::: Stored data :::

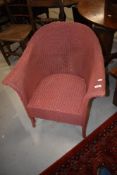 A vintage Lloyd Loom tub chair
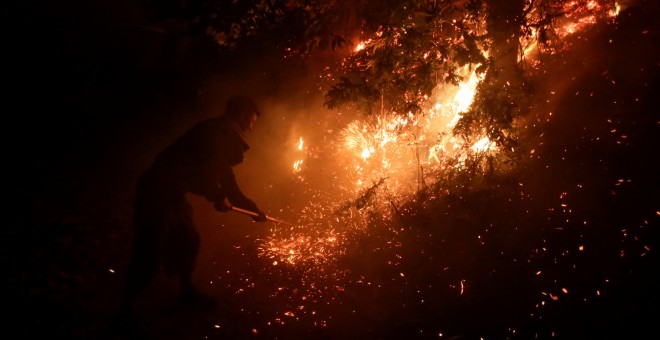 Un vecino intenta apagar las llamas cerca de Vigo.- REUTERS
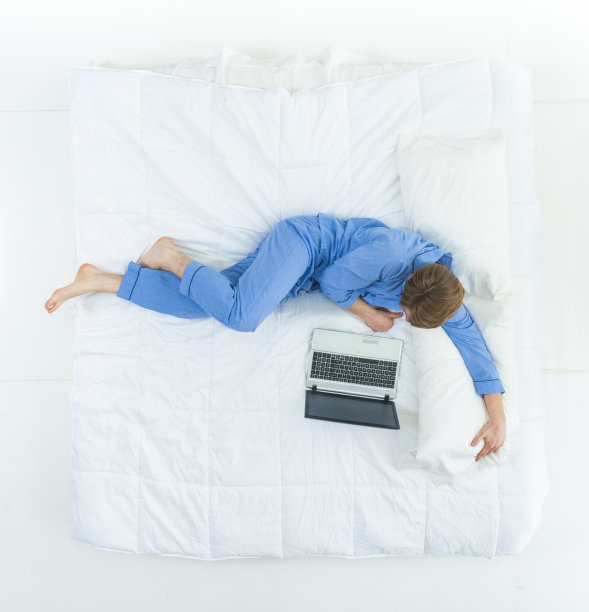 英俊的男人穿着睡衣躺在床上用着他的工作笔记本电脑图片下载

:::

Copy the listing character for character, pictures omitted.

=== Solution ===
 A vintage Lloyd Loom tub chair
 Un vecino intenta apagar las llamas cerca de Vigo.- REUTERS
 英俊的男人穿着睡衣躺在床上用着他的工作笔记本电脑图片下载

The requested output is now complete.